# Rohnert Park/Santa Rosa



## Buzzaro (Jun 20, 2010)

Hey guys, 

Normally I hang out over in MTBR nor-cal but this seemed much more appropriate. Next week I will be working in Santa Rosa/Rohnert Park and want to take the road bike to get a few miles in. I dont know the area at all so looking at MapMyRide and stuff only gives me an idea. I'm looking for rides around 50mi or so since Ill only have about 3 or 4 hours to ride before dark after work. Rides with some good climbing are best and of course looking to avoid traffic as much as possible, and I'll go ahead and throw perfect pavement in there as long as I'm wishing. You guys have some good rides or favorites out of the area? Anything that fits this description that heads to the coast and back?
Thanks for the help


----------



## robwh9 (Sep 2, 2004)

10 rides recommended by the Santa Rosa Cycling Club. And there's a link to more rides.

http://srcc.memberlodge.com/TGR


----------



## Blue CheeseHead (Jul 14, 2008)

You can head west a bit to Monte Rio and then do parts of Levi's Grand Fondo. You can head North up to Cazadero and then loops south to Jenner and back. If you are a speed freak you will like Meyer's Grade. There are no services from Cazadero to Jenner, so top off your water bottles and carry tubes.

You can also go south from Monte Rio up the Bohemian Highway, down Coleman Valley to Jenner and loop back.

Another option would be to do part of last years ToC backwards. That way you could ride right out of Santa Rosa. I can't say I know where the appropriate turn around point would be to give you 50 miles.

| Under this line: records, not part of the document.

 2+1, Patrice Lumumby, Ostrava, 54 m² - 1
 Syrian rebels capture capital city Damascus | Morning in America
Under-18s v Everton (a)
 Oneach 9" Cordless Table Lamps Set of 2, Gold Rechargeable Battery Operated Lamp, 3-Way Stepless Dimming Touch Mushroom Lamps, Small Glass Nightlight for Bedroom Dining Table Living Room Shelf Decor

Any of those options would give you some nice climbs. Granted the first two require driving to get to Monte Rio.


----------



## .steve (Jul 13, 2005)

http://www.strava.com/rides/164038

Once you get off of HWY 12 (Which has a nice shoulder 90% of the way), Cavedale, Dry Creek, Trinity and Mt. Veeder are almost traffic free. 4 hour ride from Calistoga Road in Santa Rosa. Awesome ride, one of my favorites!


----------



## .steve (Jul 13, 2005)

.steve said:


> http://www.strava.com/rides/164038
> 
> Once you get off of HWY 12 (Which has a nice shoulder 90% of the way), Cavedale, Dry Creek, Trinity and Mt. Veeder are almost traffic free. 4 hour ride from Calistoga Road in Santa Rosa. Awesome ride, one of my favorites!

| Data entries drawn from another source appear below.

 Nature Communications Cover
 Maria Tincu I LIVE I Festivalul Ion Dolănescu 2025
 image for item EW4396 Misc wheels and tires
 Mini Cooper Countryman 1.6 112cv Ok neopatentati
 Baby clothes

One caveate though, cavedale is not smooth by any stretch of the imagination but is fine for climbing on a road bike. All the other roads are in great shape.


----------



## Buzzaro (Jun 20, 2010)

Thanks guys for the responses. I was already out of town when you replied steve, which is too bad that ride looks perfect. I ended up heading out toward Sebastopol from my hotel.

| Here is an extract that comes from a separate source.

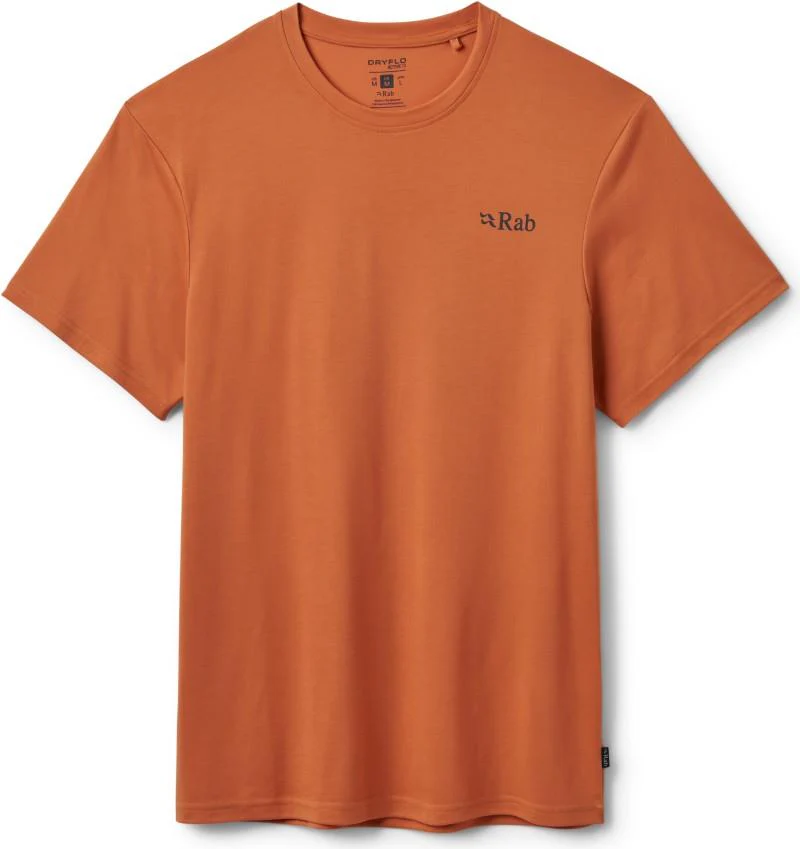 Crimp Esker Tee - Mens - Image 3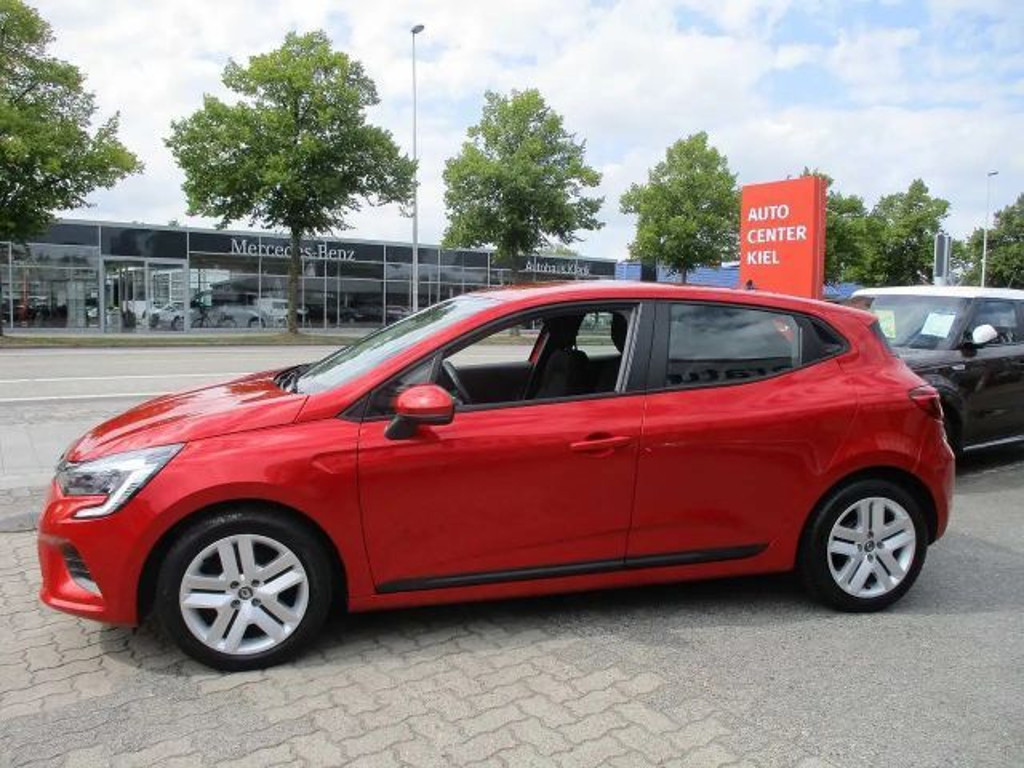 Renault Clio Business Line TCe 100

You can view the ride here: http://ridewithgps.com/routes/152174

It wasn't a bad ride but not great, I just kinda picked a semi-random route from a Santa Rosa bike map I grabbed at Cambria. The map was pretty good, it describes traffic, hill direction and shoulders. The flat stuff east of Sebastopol had quite a bit of traffic and sketchy shoulders in places. The stuff West of Sebastopol was really nice with decent hills, I am sure you could make some really killer loops or long rides out there. Those western roads though I just happened to pick the ones with all the worst pavement, I thought I was going to lose some fillings on a few of the decents. I look forward to getting some good rides out there another time.


----------



## budmol3 (Dec 7, 2008)

Last week I stayed in Windsor, just north of Santa Rosa. I rode Chalk Hill road up to 128 to Pine Flat road and also a few of the roads around WIndsor. Most of the secondary roads are adequate in pavement quality, don't know about after work traffic which could be a problem in that area. Pine Flat is great pavement if somewhat narrow but since it is a dead end road it doesn't have lots of traffic.


----------



## redmr2_man (Dec 22, 2009)

did you end up hitting annadel on the mtn bike?


----------



## mtbbmet (Apr 2, 2005)

Funny, I was in Sebastopol on the weekend too. Funny cause I'm from Canada.
I drove up Trinity Road to get over to Yountville. That road is crazy. Would have loved to have my bike with me.


----------



## moschika (Feb 1, 2004)

Buzzaro said:


> Thanks guys for the responses. I was already out of town when you replied steve, which is too bad that ride looks perfect. I ended up heading out toward Sebastopol from my hotel.
> 
> You can view the ride here: http://ridewithgps.com/routes/152174
> 
> It wasn't a bad ride but not great, I just kinda picked a semi-random route from a Santa Rosa bike map I grabbed at Cambria. The map was pretty good, it describes traffic, hill direction and shoulders. The flat stuff east of Sebastopol had quite a bit of traffic and sketchy shoulders in places. The stuff West of Sebastopol was really nice with decent hills, I am sure you could make some really killer loops or long rides out there. Those western roads though I just happened to pick the ones with all the worst pavement, I thought I was going to lose some fillings on a few of the decents. I look forward to getting some good rides out there another time.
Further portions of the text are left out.